Selasa, 16 November 2010

Dipaksa SMS Ketimbang Ngebrik.

KOMPAS.com - Kepolisian Inggris memaksa personelnya untuk mengurangi ngobrol di walkie talkie yang dibawanya. Mereka disarankan sebisa mungkin untuk mengirim pesan singkat atau SMS sebagai alat komunikasi kecuali untuk keadaan genting. Sejumlah kantor kepolisian dilaporkan mulai melatih personelnya untuk mengirim SMS dari lapangan ketimbang ngobrol lewat radio komunikasi di tangannya.
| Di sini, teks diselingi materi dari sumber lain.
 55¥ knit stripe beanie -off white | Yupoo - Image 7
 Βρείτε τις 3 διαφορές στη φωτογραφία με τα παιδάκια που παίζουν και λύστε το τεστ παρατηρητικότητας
Kalau dihitung-hitung, SMS memang dinilai jauh lebih hemat untuk berkomunikasi daripada menggunakan layanan 'halo-halo' yang dipakai polisi di negara tersebut. Konon, hasil penelusuran yang dilansir the Daily Mail, Kepolisian Inggris harus membayar 2 poundsterling per detik untuk penggunaan di atas limit kepada Airwave Solutions, perusahaan yang menyediakan layanan radio komunikasi polisi.

Tak heran kalau Airwave mencatat keuntungan kotor lebih besar ketimbang perusahaan seluler sebesar Vodafone sekalipun. Laba sebelum pajak perusahaan itu mencapai 170 juta poundsterling dalam setahun terakhir atau naik 26 persen daripada setahun lalu.

"Airwave adalah sitem yang sangat mahal tapi dipaksa pemerintah agar dipakai Kepolisian," ujar Kepala Polisi Federal Dorset, Clive Chamberlain, kepada the Daily Mail. Ia mengatakan pihaknya memang butuh komunikasi yang terjamin, namun tidak mungkin bertahan kalau harus mengeluarkan ongkos terlampau mahal.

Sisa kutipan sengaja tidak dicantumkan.